§ Work to complete
In the entries below, which lines run from the one with "Máscara de esnórquel" through the one with "Under Desk Drawer, Clamp"? Repeat exactly those, both included, and no pictures.

§ Working data
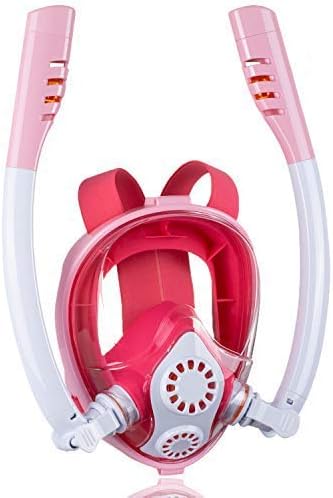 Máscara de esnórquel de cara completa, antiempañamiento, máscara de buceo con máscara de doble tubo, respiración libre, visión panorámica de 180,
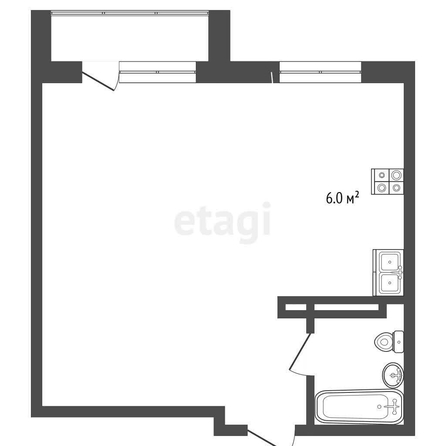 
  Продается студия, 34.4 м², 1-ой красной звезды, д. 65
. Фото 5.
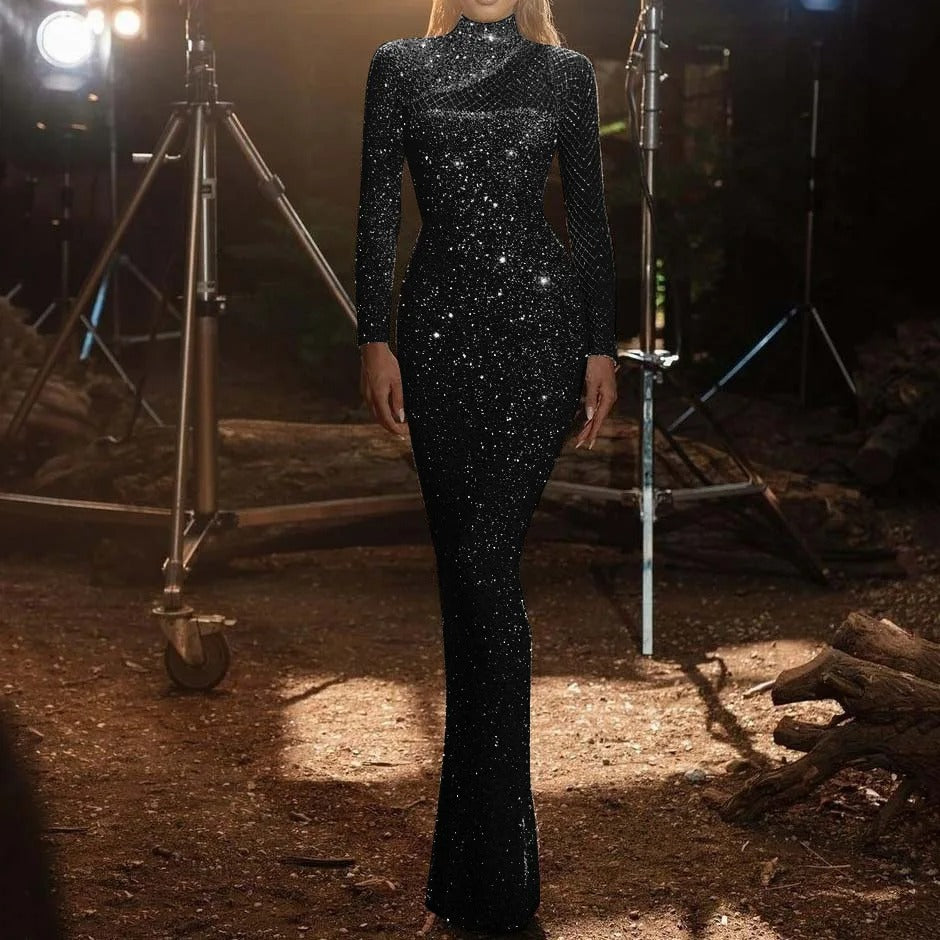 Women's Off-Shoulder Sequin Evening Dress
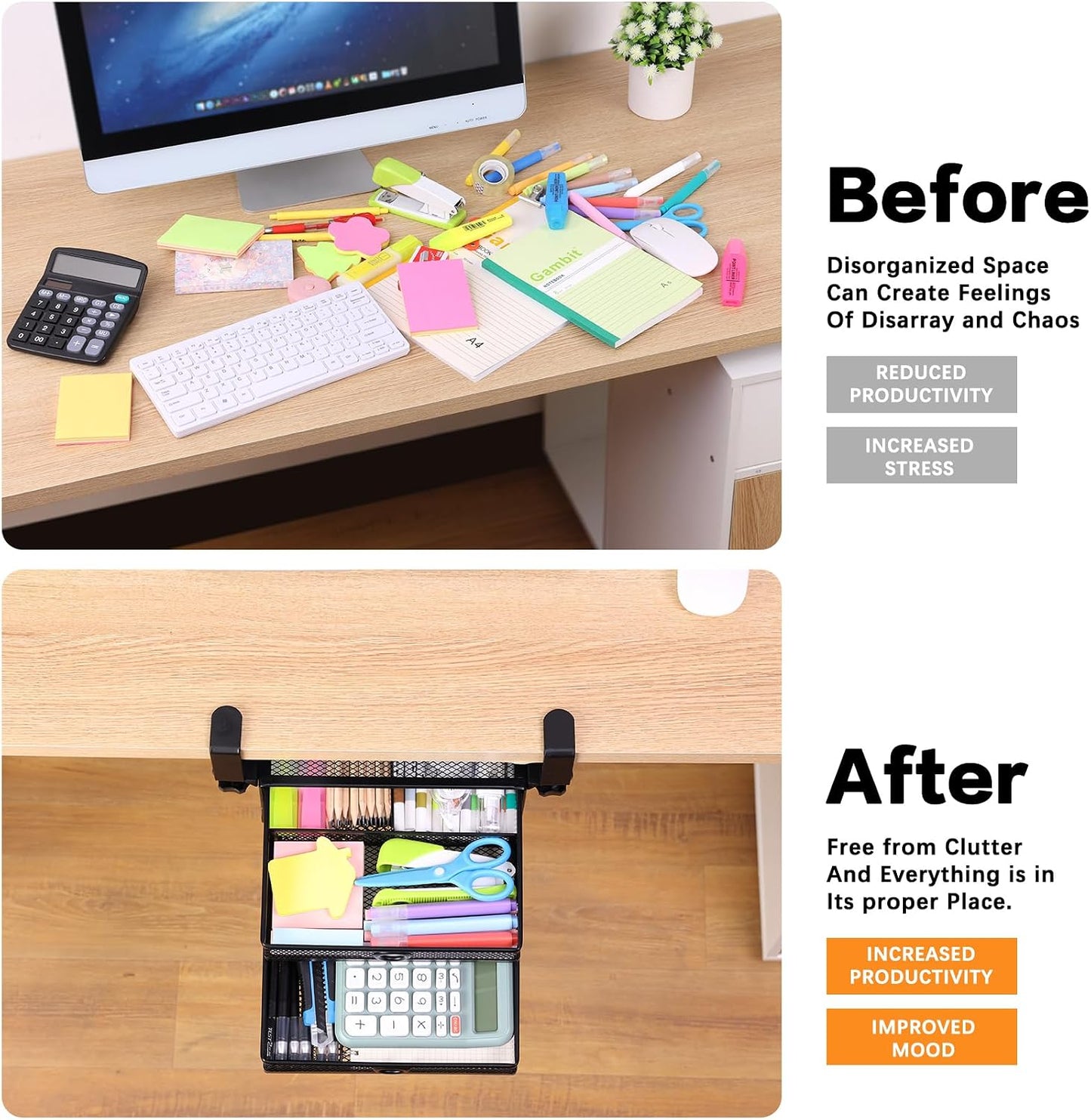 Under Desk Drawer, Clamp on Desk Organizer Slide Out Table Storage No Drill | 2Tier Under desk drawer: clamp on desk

--

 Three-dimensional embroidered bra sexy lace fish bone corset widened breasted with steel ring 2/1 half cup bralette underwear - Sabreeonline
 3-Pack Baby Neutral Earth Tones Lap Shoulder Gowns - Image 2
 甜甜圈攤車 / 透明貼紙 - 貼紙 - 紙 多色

§ Task result
 Máscara de esnórquel de cara completa, antiempañamiento, máscara de buceo con máscara de doble tubo, respiración libre, visión panorámica de 180,
  Продается студия, 34.4 м², 1-ой красной звезды, д. 65
. Фото 5.
 Women's Off-Shoulder Sequin Evening Dress
 Under Desk Drawer, Clamp on Desk Organizer Slide Out Table Storage No Drill | 2Tier Under desk drawer: clamp on desk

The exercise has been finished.